Privacy masking – should you go down the static route, or does dynamic masking make more sense?
The wait is over. The European General Data Protection Regulation (GDPR) is in effect. If your organization is like most, you’ve probably had conversations about how you’re going to ensure compliance. While there’s much to consider under the GDPR, one big concern that often comes up in these discussions is how to protect people’s privacy when using video surveillance.
The technology used to mask people’s identities and the information captured on video is referred to as privacy masking. While privacy masking has been around for some time, the technology has evolved over the years. In fact, today there are two types of privacy masking— static and dynamic.
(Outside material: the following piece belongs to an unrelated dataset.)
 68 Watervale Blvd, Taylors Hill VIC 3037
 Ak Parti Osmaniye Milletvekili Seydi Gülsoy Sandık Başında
So what is the difference? Well, the difference in technology can be compared with the difference between Motion Detection and Video Analytics. They both serve similar purposes but achieve the result with very different levels of accuracy and are therefore more or less useful to the user. So it is important to be aware of the difference and when to employ what.
What is a mask?
A mask refers to hiding, anonymizing a portion of the video or blocking it. Usually accomplished by blurring a part of an image.
Traditional privacy masking is static in nature and the mask blocks certain areas in an image or live video feed. This form of masking is called “static” because you’re blocking a specific area of an image. Typically, this is done directly on the camera and can be used, for example, to hide the keypad of a credit card terminal in a top-down view at a cash register. This would render a mask in the video itself so it would be impossible to remove this mask later on. Recently, some providers have added this capability to video management systems (VMSs), making it possible to add or remove the mask based on user access rights or privileges. However, in this case, the original video is stored without any mask and the mask is just an overlay in the client application.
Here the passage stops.